*PROBLEM TO WORK ON*:
Using the listing below, retype the line bearing "Avery Dennison Laser" and each line after it, word for word, and nothing further.

*ENTRIES PROVIDED*:
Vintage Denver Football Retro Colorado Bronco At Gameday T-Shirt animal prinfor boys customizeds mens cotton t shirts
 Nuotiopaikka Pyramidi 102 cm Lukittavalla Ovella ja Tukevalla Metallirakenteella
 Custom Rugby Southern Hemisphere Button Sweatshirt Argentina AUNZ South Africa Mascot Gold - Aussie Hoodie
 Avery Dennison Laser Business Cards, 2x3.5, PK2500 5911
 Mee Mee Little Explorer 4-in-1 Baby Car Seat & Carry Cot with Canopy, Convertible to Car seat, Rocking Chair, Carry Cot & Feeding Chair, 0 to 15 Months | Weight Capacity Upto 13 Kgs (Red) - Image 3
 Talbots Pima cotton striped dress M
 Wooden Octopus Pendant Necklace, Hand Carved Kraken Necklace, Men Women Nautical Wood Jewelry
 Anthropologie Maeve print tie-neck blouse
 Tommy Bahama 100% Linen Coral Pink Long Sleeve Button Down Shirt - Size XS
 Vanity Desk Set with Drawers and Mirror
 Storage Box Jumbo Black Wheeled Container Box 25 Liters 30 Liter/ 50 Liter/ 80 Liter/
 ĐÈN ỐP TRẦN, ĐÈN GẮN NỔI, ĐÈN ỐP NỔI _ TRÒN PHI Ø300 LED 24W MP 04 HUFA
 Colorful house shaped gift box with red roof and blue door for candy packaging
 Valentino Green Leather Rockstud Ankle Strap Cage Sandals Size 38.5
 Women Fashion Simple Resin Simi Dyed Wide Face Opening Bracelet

*EXERCISE RESULT*:
 Avery Dennison Laser Business Cards, 2x3.5, PK2500 5911
 Mee Mee Little Explorer 4-in-1 Baby Car Seat & Carry Cot with Canopy, Convertible to Car seat, Rocking Chair, Carry Cot & Feeding Chair, 0 to 15 Months | Weight Capacity Upto 13 Kgs (Red) - Image 3
 Talbots Pima cotton striped dress M
 Wooden Octopus Pendant Necklace, Hand Carved Kraken Necklace, Men Women Nautical Wood Jewelry
 Anthropologie Maeve print tie-neck blouse
 Tommy Bahama 100% Linen Coral Pink Long Sleeve Button Down Shirt - Size XS
 Vanity Desk Set with Drawers and Mirror
 Storage Box Jumbo Black Wheeled Container Box 25 Liters 30 Liter/ 50 Liter/ 80 Liter/
 ĐÈN ỐP TRẦN, ĐÈN GẮN NỔI, ĐÈN ỐP NỔI _ TRÒN PHI Ø300 LED 24W MP 04 HUFA
 Colorful house shaped gift box with red roof and blue door for candy packaging
 Valentino Green Leather Rockstud Ankle Strap Cage Sandals Size 38.5
 Women Fashion Simple Resin Simi Dyed Wide Face Opening Bracelet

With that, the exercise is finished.